El problema del derecho internacional es que no tiene dientes, advierten los profesores a los alumnos en las facultades de derecho. Para algunos ni siquiera es un sistema jurídico en sentido estricto porque le falta una pieza fundamental: la capacidad coactiva.
Esto es inexacto porque, al menos en materia de derechos humanos, los sistemas normativos y las instituciones internacionales han adquirido una autoridad real.
Existen instancias que sí tienen capacidad punitiva, como la Corte Penal Internacional, que juzga y sentencia a los perpetradores de genocidios, delitos de guerra o actos de lesa humanidad.
Pero, incluso cuando carecen de potestades coercitivas, las Comisiones y Cortes internacionales adoptan resoluciones que suelen ser atendidas por los Estados denunciados.
En esos casos la legitimidad de la agenda de los derechos humanos compensa las limitaciones estructurales del derecho internacional (y los errores —que también los hay— de los funcionarios internacionales).
Por eso es tan delicada la movida chavista. Su apuesta es socavar la credibilidad de un sistema construido con mucho esfuerzo para prevenir, denunciar y castigar las violaciones de derechos.
El Sistema Interamericano, hoy, es una válvula de seguridad para la democracia y sirve como un antídoto contra las regresiones autoritarias. En su génesis está la tesis —que sostenía Bobbio— de que los derechos, la democracia y la paz son tres eslabones de un mismo movimiento histórico.
Desde esta perspectiva la decisión del gobierno venezolano no es sorprendente: Venezuela tiene tiempo que dejó de ser una democracia y al gobernante le importan cada vez menos las apariencias.
De ahí lo preocupante de su acción. Chávez golpea a la Comisión Interamericana porque le estorban sus resoluciones pero también porque calcula que es un buen momento para hacerlo.

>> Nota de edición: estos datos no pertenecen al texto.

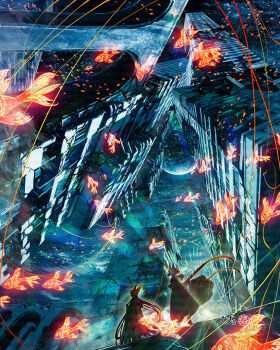 Rule 34 | abandoned, ambiguous gender, broken window, building, cityscape, cloud, commentary, dilapidated, factory, fantasy, fish, flying, flying animal, flying fish, glowing, glowing fish, goldfish, nyanyakitisiro, original, post-apocalypse, rubble, ruins, scenery, silhouette, wreckage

El caudillo ha olfateado la debilidad financiera y política que aqueja a las instituciones interamericanas y, también, la veleidad de las democracias en el continente.
La decisión de Chávez nos incumbe a los mexicanos porque el Sistema Interamericano es un ancla fundamental para contener el avance de los horrores que nos amenazan.
En años recientes algunas sentencias de la Corte Interamericana han abonado a la consolidación democrática. Dichas resoluciones no han transformado a la realidad porque la fuerza del derecho es limitada, pero han sido un azadón para los defensores de los derechos humanos en el país.
Y lo cierto es que el gobierno mexicano ha respetado y acatado esa sinergia entre defensores nacionales y juzgadores internacionales. Calderón metió al país en la espiral de violencia en la que estamos, pero mantiene firmes los compromisos internacionales.
De hecho, aunque parezca extraño, México se ha convertido en un importante aliado del Sistema Interamericano. Resulta paradójico, pero es cierto.
Una verdad que nos ofrece perspectiva, que honra la política exterior del gobierno en esa materia y que obliga a denunciar la afrenta chavista.